• [What this task involves] Look through the material for lines with the word "about", and copy each one.

• [Dataset extract]
┌──

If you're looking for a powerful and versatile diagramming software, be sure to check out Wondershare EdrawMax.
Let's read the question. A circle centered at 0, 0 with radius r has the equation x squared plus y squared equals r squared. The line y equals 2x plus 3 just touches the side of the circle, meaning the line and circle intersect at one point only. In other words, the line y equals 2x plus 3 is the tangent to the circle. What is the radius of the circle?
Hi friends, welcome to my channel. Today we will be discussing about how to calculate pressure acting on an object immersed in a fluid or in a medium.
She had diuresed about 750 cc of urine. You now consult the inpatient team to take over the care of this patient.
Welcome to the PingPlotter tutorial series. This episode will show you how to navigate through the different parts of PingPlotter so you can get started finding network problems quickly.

└──
┌──

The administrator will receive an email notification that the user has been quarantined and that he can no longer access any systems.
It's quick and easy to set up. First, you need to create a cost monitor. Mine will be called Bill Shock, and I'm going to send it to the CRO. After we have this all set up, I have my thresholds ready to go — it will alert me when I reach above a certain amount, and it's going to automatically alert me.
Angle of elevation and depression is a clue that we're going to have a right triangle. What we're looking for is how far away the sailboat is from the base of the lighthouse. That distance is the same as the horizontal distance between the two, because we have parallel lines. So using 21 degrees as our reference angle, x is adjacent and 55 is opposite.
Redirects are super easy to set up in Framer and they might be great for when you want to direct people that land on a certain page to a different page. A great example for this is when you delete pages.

└──
┌──

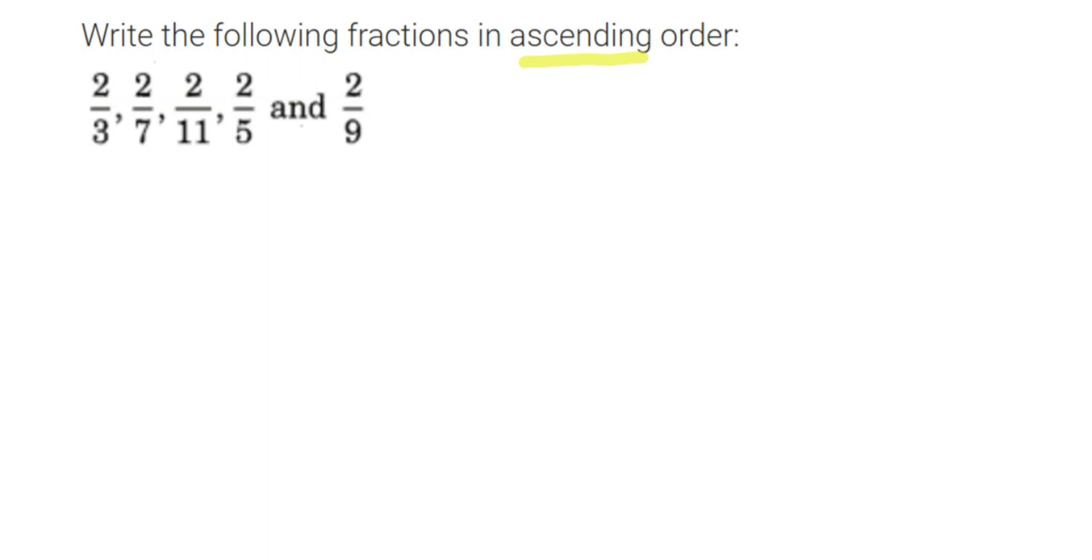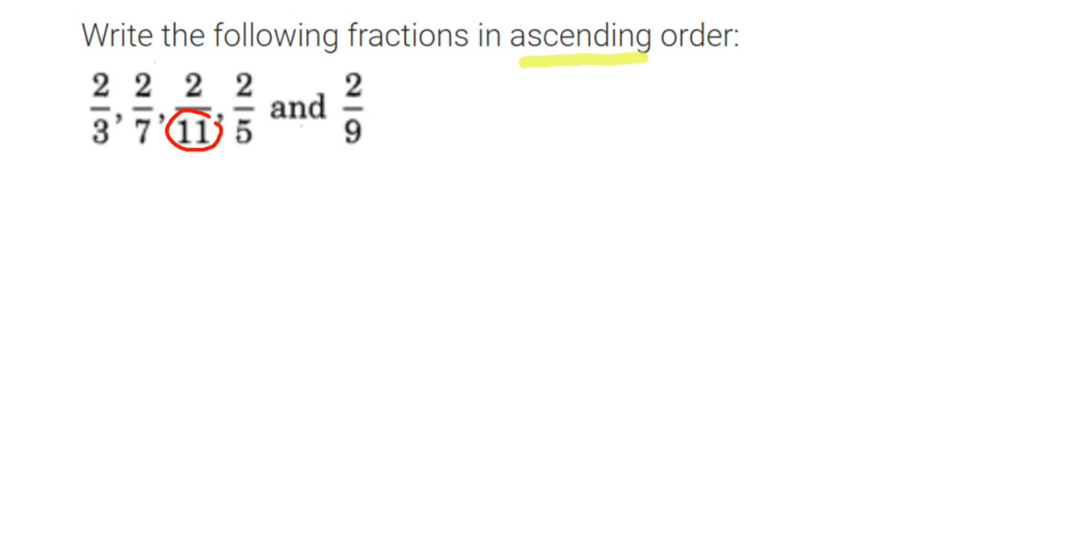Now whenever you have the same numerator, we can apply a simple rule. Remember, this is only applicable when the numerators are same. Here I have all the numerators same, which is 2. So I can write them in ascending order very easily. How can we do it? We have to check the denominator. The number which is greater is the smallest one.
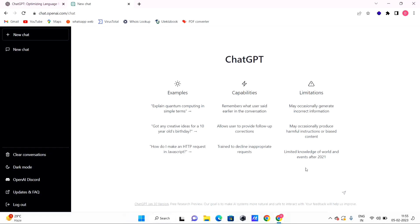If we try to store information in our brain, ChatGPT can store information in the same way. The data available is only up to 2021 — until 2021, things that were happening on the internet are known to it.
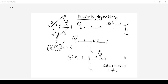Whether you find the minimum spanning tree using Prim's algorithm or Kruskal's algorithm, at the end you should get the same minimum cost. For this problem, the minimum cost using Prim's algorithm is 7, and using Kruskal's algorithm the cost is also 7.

└──

• [Response]
Hi friends, welcome to my channel. Today we will be discussing about how to calculate pressure acting on an object immersed in a fluid or in a medium.
She had diuresed about 750 cc of urine. You now consult the inpatient team to take over the care of this patient.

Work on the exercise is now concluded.